CT-Agent: A Multimodal-LLM Agent for 3D CT Radiology Question Answering
Yuren Mao, Wenyi Xu, Yuyang Qin, Yunjun Gao
TL;DR
This work introduces CT-Agent, a multimodal LLM-based agent for 3D CT radiology question answering and report generation. It tackles anatomical complexity and cross-slice reasoning via anatomy-specific LoRA plugins and a global-local token compression strategy, enabling region-aware, token-efficient reasoning. Experiments on CT-RATE and RadGenome-ChestCT show superior performance in both radiology report generation and region-guided QA, with ablations validating planning, token compression, and exemplar retrieval components. The framework advances practical CT-based VQA and reporting by delivering interpretable, region-focused inferences with scalable memory-enabled grounding.
Abstract
Computed Tomography (CT) scan, which produces 3D volumetric medical data that can be viewed as hundreds of cross-sectional images (a.k.a. slices), provides detailed anatomical information for diagnosis. For radiologists, creating CT radiology reports is time-consuming and error-prone. A visual question answering (VQA) system that can answer radiologists' questions about some anatomical regions on the CT scan and even automatically generate a radiology report is urgently needed. However, existing VQA systems cannot adequately handle the CT radiology question answering (CTQA) task for: (1) anatomic complexity makes CT images difficult to understand; (2) spatial relationship across hundreds slices is difficult to capture.
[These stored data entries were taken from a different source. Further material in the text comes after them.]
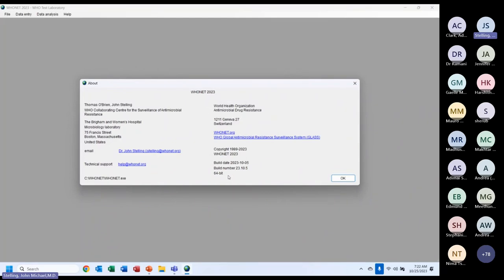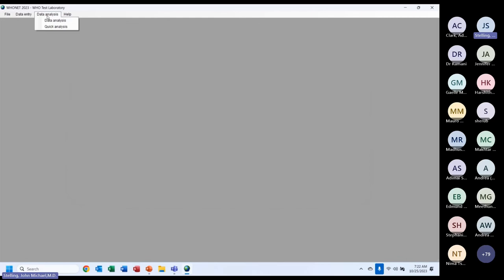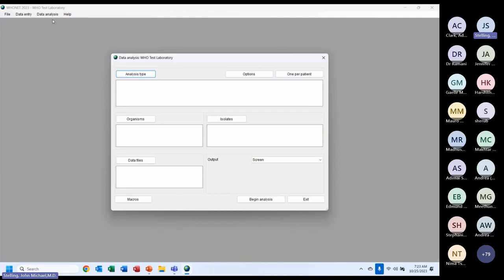Back on the main menu, under data analysis there are two options: data analysis for interactive analysis where you choose the details, and quick analysis — we'll come back to that later. Going to data analysis, I'm at the Hoonet analysis screen. There are three required questions on the left: what kind of analysis do you want to do, which organisms, and which data files. With those three questions, you can begin your analysis.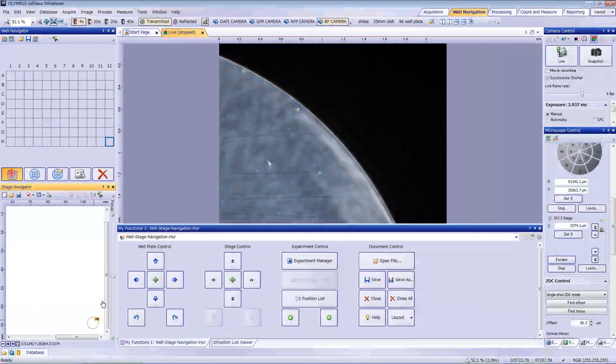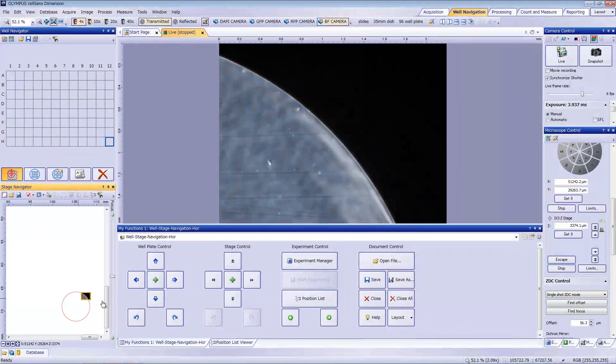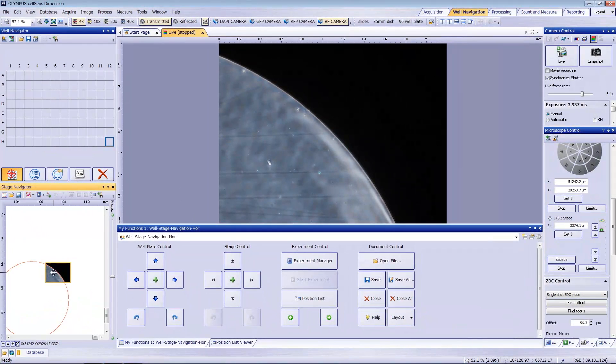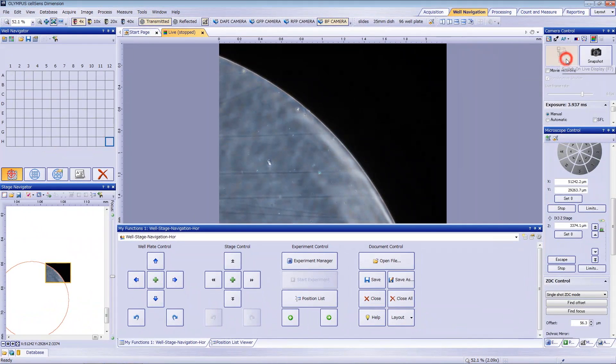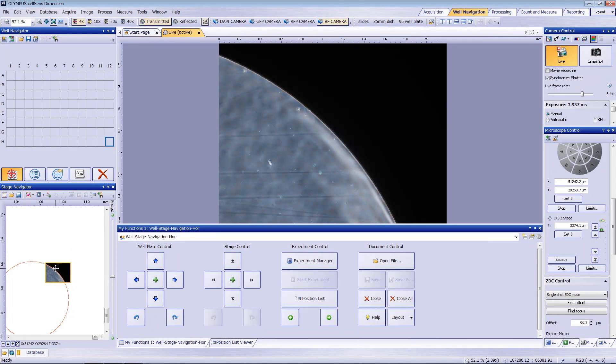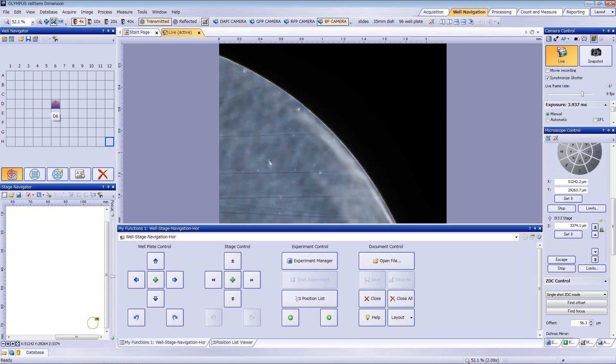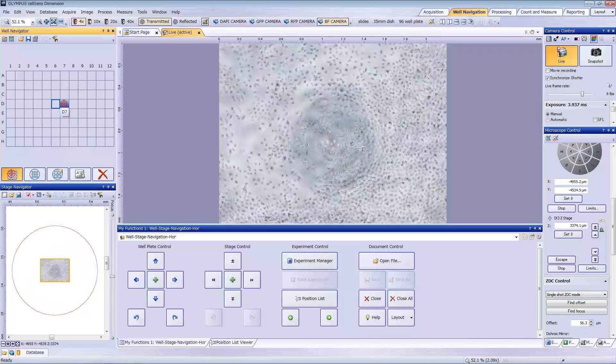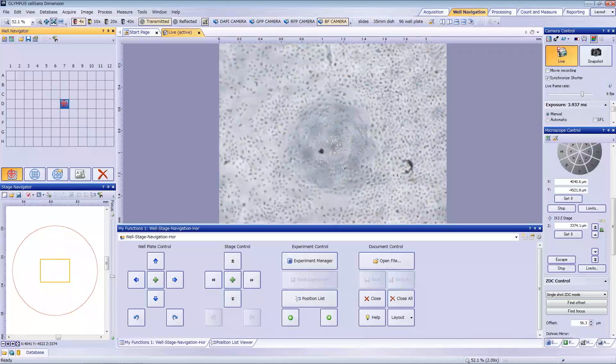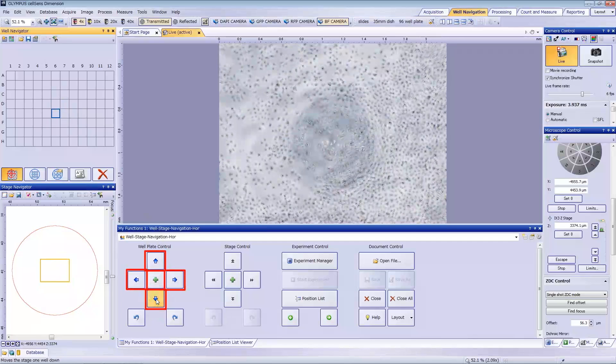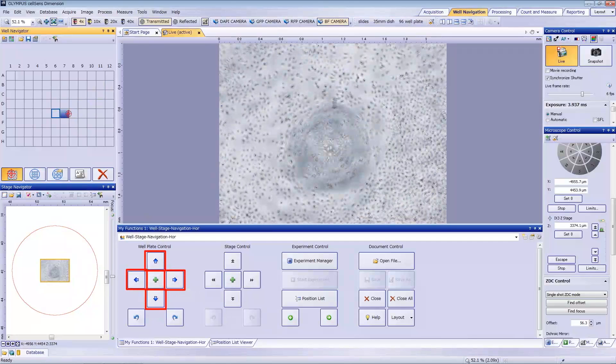You'll see a yellow circle on the stage navigator tool window. This indicates the edge of the current well. It's similar to watching a live image. You can click on a box in the well navigator tool window matrix to drive the stage to the center of the respective well. You can also use the arrows to move the stage to adjacent wells.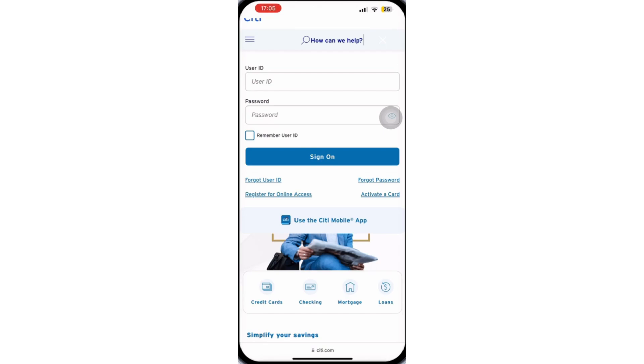After you have recovered your account, you can follow the same steps and log into your bank account. And that's it.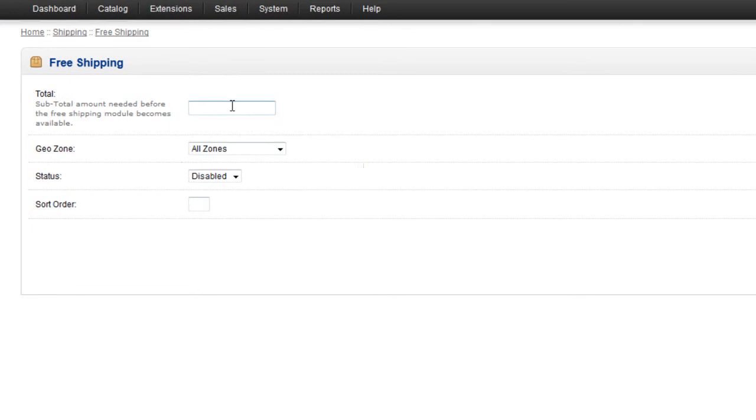Only four choices here of things to set up for Free Shipping. The Total field at the top allows you to set a minimum order value before Free Shipping will be applied. If you want it just to be Free Shipping on all orders, you can leave this at zero.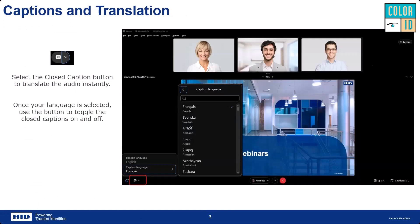The first thing we'll cover is captions and translations. We have people all over the world joining this call, and WebEx can translate real-time captions into over 100 different languages. To turn on translations, use the closed caption button at the bottom of your screen. The webinar will be spoken in English, but you can choose the language you'd like to see captions in and toggle them on or off as needed.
To address these issues, this paper proposes CT-Agent, a multimodal agentic framework for CTQA. CT-Agent adopts anatomically independent tools to break down the anatomic complexity; furthermore, it efficiently captures the across-slice spatial relationship with a global-local token compression strategy. Experimental results on two 3D chest CT datasets, CT-RATE and RadGenome-ChestCT, verify the superior performance of CT-Agent.